Tuesday, January 25, 2011

Identify this Quote on Grace and Merit



I came across this striking quote on grace and merit the other day:

There is no way for grace to enter, if merit has taken residence in the soul. A full acknowledgment of grace is a sign of the fullness of grace. Indeed, if the soul possesses anything of its own, to that extent grace must give place to it: whatever you impute to merit you steal from grace. I want nothing to do with the sort of merit which excludes grace.
So, who is the author and what's his theology? Calvin? Luther? Augustine?

Without googling phrases from the quote, does anyone recognize who this famous theologian is?

Feel free to guess in the comments. I'll post the answer in a day or two.

15 comments:

Sister Mary Agnes said...

Without Googling? Awwww ... so if I am too curious to wait and Google I won't be posting my answer--wouldn't be fair!

Galactic Catholic said...

I was gonna guess Chrysostom, but it didn't look fiery enough.

kentuckyliz said...

Garrigou-Lagrange

Francis de Sales

Teresa of Avila

Therese of Lisieux

Maximilian Kolbe

those are my random guesses

Nick said...

Google doesn't bring up anything helpful :(

NYC Theophilus said...

I believe it's St. Augustine. Pax. Henry

Sister Mary Agnes said...

I hate to be contradictory, but I do not see how a Catholic saint could have written this quote. The quote seems to imply that merit and grace are mutually exclusive.

The Catechism of the Catholic Church says in paragraph 2025, "We can have merit in God's sight only because of God's free plan to associate man with the work of his grace. Merit is to be ascribed in the first place to the grace of God, and secondly to man's collaboration.
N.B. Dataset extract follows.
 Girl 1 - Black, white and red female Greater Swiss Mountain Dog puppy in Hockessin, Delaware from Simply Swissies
Man's merit is due to God." So merit and grace go hand in hand: grace is God's gift and because of grace we can merit.

In paragraph 2026 it says, "The grace of the Holy Spirit can confer true merit on us, by virtue of our adoptive filiation, and in accordance with God's gratuitous justice. Charity is the principal source of merit in us before God." Again, I do not see here the dispute between grace and merit that is in the mystery quote above.

My guess is Luther, because I think this resembles a little bit the discrepancy he taught between grace and works. But it's just a guess. I haven't studied the theology of the Reformers yet.
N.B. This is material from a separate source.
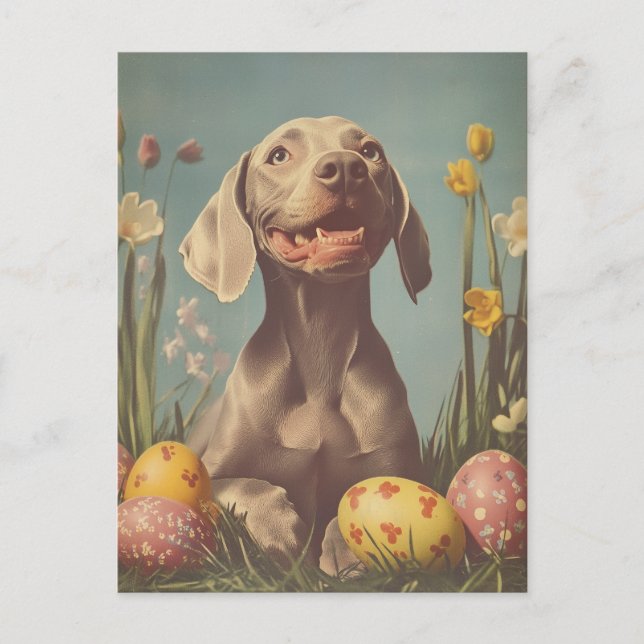 Postal Semana Santa de Weimaraner Vintage (Anverso)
OK, I did use Google to look up the Catechism online...

NYC Theophilus said...

Hello Sr. Mary Agnes - you may be right that it's Luther and not St. Augustine but Luther did build a lot of his theology on the works of St. Augustine. Again, relying solely on memory, I'd say it's from his writings against Pelagius. I'm curious to know who actually wrote the quote though.

Andrew said...
This comment has been removed by the author.
Martin said...

Augustine is my guess. The quote doesn't reject merit outright but says grace before merit.

John Bergsma said...

This is a great discussion, with good guesses. I'll post the answer on Thursday morning. Thanks for the comments, all. By the way, if you DO know the answer, don't give it TOTALLY away in the comments, so we can keep a little suspense for a few more hours.

NYC Theophilus said...

Andrew's reply points out something I was thinking about last night - and it's the theme of the movie "Inception". John listed three names and we've accepted that it's probably one of those three individuals. BUT, that may not be the case at all. So bravo to Andrew for thinking outside the box. St. Bernard is a very interesting choice!

Andrew said...

I was going to wait, but I wanted to confess that I cheated, thus I deleted my post hoping to keep it somewhat of a guess.

Gotta go to confession now!

Sister Mary Agnes said...

Well, if it was a Catholic saint who wrote it, I hope Dr. Bergsma gives a little more of the context of the quote ... I still think it doesn't sound like what the Church teaches, but context might clarify it for me--if it was a Catholic who wrote it, that is.

Brian said...

It is a Catholic saint. I am reading "The Fulfillment of All Desire" by Ralph Martin right now and he quotes it. I am pretty sure the point is that nothing preceeds grace. Everything we do flows from grace and complete submission to Christ. That sounds Catholic to me...

Brian said...

Oopps.. I just read Dr. Bergsma's post asking us not to give the answer totally away. I apologize. Feel free to delete my prior post if it gives up too much info.